Cependant, ces mots ne résument pas assez la signification complète de leur composition résultante, même si on les considère ensemble. Il se traduit par désir, envie ou aspiration, ou dans un sens plus large un genre de “manque intense”. Sa signification est quelque peu similaire au mot portugais saudade ou ou mot roumain dor.

Les mots sont comme les gens. Leur manière de venir à nous en dit long sur leurs intentions.

Christian Bobin

Sehnsucht représente des pensées et des sentiments à propos de toutes les facettes de la vie qui sont non finies ou imparfaites, jumelés à un désir d’expériences idéales. Ce sont les envies de toute une vie.

C’est également un genre de nostalgie, dans le sens original du mot. À d’autres moments, c’est le désir d’un quelqu’un voire d’un quelque chose. Mais ce désir est d’une telle profondeur et intensité que la réalité ordinaire peut sembler pâle en comparaison.

C.S. Lewis a décrit Sehnsucht comme le “désir inconsolable” dans le cœur humain pour “ce que nous ne connaissons pas”. Dans le postface du Retour du pélerin, il donne un exemple de ce qui déclenchait en lui ce désir en particulier :

Ce quelque chose innommable, ce désir qui nous perce comme une rapière à l’odeur du feu de joie, le son des canards sauvages qui volent au dessus de nous, le titre de The Well at the World’s End, les premiers vers de Kubla Khan, les toiles d’araignée du matin à la fin de l’été, ou le bruit des vagues qui tombent.

 

That unnameable something, desire for which pierces us like a rapier at the smell of bonfire, the sound of wild ducks flying overhead, the title of The Well at the World’s End, the opening lines of “Kubla Khan”, the morning cobwebs in late summer, or the noise of falling waves.

 

Sehnsucht m’a attrapée. Comme une ritournelle qui ne quitte pas la tête. Je crois comprendre ce dont parlent les allemands lorsqu’ils l’utilisent – je comprends le besoin qui en a donné naissance. Il se faufile en vous, inconsciemment, avant que vous ayez le temps de le reconnaître et disparait quand vous l’avez nommé.

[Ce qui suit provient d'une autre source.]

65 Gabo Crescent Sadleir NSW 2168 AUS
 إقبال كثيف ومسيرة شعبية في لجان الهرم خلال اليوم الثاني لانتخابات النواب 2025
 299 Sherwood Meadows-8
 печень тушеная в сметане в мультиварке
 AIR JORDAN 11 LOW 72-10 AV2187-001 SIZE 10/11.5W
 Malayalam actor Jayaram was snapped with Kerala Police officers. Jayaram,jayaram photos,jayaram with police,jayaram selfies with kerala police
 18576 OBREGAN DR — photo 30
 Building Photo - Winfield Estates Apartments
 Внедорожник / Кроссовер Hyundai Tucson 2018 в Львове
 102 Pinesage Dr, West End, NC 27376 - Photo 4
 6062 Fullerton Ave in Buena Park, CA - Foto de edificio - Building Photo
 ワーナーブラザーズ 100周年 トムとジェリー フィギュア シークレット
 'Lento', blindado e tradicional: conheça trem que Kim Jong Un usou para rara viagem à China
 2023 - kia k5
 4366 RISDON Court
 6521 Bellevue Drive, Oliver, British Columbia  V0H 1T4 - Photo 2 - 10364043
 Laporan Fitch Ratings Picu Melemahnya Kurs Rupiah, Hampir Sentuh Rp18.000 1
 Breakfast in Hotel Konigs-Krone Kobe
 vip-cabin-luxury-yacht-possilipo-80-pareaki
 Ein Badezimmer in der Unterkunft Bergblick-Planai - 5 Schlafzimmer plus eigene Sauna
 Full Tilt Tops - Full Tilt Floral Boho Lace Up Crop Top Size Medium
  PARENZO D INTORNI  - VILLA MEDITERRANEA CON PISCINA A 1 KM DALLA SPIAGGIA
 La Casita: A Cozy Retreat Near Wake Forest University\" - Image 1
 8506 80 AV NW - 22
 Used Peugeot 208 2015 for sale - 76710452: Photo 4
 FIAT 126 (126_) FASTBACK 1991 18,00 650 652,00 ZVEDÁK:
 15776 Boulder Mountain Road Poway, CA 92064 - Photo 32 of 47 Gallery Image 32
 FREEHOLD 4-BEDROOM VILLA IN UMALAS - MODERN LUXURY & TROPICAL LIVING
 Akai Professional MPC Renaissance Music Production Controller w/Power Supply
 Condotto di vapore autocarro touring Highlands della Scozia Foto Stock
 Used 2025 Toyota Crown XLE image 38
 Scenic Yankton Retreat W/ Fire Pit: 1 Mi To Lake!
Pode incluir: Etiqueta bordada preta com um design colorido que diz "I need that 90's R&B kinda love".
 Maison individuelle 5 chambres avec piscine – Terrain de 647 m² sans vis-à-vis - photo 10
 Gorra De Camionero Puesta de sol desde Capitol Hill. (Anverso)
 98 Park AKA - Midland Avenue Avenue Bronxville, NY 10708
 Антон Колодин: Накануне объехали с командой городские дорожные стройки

Sehnsucht se ressent comme une tristesse et une solitude, et ce sont deux émotions que nous avons tendance à vouloir éliminer, en vain, et c’est tant mieux. 

Ces jours-là, je trouve mon chemin autour de cet état le plus naturel de la condition humaine. Le plus sûr rappel que rien n’est et ne sera jamais parfait. 

Et quand Sehnsucht vient, c’est dans des formes étranges. Un enfant courant dans les bras de sa mère, la nostalgie triste dans une chanson de Radiohead Fake plastic trees ou de Captain Kid We And I, un frisson à la pensée de quelqu’un ou quelque chose, un parfum familier oublié. Et de laisser Sehnsucht vivre pleinement. Le ressentir, l’explorer pour mieux l’apprivoiser, puis l’abandonner – à défaut de le chasser – pour laisser place à quelque chose de plus léger et joyeux.

Le cœur est une petite maison, même pas une maison, une niche, même pas une niche, un abri pour les moineaux. Le coeur n’a qu’une contenance réduite. Une joie qui bat des ailes le remplit tout. Il n’y a plus de place pour autre chose.